*** Opening Information shown ***

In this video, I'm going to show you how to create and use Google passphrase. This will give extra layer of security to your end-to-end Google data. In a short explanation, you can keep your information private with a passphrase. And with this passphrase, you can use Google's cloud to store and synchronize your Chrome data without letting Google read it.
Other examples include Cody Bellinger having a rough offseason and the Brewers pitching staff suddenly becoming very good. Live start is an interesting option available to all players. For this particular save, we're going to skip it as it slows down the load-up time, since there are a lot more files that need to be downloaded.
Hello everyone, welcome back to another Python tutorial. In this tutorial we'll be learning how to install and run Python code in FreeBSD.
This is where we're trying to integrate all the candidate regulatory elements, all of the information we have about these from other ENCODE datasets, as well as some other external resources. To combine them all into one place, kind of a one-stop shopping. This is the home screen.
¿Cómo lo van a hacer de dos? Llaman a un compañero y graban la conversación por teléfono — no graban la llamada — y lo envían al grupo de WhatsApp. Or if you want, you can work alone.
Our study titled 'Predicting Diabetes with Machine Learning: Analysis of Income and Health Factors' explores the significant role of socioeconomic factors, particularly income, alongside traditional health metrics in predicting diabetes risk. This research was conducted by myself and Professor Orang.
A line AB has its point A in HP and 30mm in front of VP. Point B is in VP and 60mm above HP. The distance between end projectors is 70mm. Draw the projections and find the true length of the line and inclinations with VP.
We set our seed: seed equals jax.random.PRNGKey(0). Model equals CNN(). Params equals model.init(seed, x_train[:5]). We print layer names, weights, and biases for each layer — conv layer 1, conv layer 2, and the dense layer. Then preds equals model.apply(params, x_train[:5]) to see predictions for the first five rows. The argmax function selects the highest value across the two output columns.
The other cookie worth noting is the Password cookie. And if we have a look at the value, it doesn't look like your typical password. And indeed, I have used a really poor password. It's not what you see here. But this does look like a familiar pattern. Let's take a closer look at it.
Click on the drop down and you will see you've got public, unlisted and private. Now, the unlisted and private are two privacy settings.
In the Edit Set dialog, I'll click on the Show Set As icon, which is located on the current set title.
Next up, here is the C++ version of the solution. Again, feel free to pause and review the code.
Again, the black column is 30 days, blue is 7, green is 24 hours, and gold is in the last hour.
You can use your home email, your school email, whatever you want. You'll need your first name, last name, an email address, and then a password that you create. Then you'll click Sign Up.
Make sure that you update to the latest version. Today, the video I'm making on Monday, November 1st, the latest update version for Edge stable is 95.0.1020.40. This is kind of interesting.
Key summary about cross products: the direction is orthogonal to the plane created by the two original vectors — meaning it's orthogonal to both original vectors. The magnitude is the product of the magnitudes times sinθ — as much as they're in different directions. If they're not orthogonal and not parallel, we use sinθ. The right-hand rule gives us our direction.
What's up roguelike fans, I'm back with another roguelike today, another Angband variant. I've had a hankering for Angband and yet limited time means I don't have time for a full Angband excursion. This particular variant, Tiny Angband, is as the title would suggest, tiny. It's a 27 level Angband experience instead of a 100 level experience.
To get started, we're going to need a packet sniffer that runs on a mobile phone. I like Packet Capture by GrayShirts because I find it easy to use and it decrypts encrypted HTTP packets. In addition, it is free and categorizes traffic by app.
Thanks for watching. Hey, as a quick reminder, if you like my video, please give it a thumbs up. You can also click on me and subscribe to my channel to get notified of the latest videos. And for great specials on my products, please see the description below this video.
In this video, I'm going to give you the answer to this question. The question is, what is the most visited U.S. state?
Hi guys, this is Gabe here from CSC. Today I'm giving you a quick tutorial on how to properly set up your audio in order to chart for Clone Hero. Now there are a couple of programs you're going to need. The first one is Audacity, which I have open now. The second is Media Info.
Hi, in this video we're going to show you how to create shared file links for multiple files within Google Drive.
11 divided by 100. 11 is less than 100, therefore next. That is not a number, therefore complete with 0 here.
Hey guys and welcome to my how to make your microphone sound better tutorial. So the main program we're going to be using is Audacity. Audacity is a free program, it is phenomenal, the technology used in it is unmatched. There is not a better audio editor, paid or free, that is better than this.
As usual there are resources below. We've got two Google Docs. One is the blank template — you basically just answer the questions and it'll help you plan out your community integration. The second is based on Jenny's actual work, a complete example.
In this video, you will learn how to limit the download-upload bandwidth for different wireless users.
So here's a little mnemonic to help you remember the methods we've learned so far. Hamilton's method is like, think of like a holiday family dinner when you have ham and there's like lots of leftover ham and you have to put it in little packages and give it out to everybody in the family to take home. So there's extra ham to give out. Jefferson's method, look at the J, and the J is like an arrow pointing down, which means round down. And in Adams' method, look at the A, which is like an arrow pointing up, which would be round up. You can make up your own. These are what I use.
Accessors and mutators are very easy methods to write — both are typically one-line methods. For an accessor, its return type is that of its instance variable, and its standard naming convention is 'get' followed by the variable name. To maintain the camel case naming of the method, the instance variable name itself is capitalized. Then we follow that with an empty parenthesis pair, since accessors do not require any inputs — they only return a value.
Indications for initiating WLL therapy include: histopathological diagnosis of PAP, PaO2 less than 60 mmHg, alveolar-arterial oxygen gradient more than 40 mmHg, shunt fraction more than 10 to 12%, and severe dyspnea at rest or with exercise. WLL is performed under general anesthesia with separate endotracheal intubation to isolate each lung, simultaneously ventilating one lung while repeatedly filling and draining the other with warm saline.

*** Closing Information shown ***

Of the entries listed above, reproduce only the lines starting at the line containing "Hello everyone, welcome" and ending at the line containing "A line AB has". Include both, exactly as they stand.

Hello everyone, welcome back to another Python tutorial. In this tutorial we'll be learning how to install and run Python code in FreeBSD.
This is where we're trying to integrate all the candidate regulatory elements, all of the information we have about these from other ENCODE datasets, as well as some other external resources. To combine them all into one place, kind of a one-stop shopping. This is the home screen.
¿Cómo lo van a hacer de dos? Llaman a un compañero y graban la conversación por teléfono — no graban la llamada — y lo envían al grupo de WhatsApp. Or if you want, you can work alone.
Our study titled 'Predicting Diabetes with Machine Learning: Analysis of Income and Health Factors' explores the significant role of socioeconomic factors, particularly income, alongside traditional health metrics in predicting diabetes risk. This research was conducted by myself and Professor Orang.
A line AB has its point A in HP and 30mm in front of VP. Point B is in VP and 60mm above HP. The distance between end projectors is 70mm. Draw the projections and find the true length of the line and inclinations with VP.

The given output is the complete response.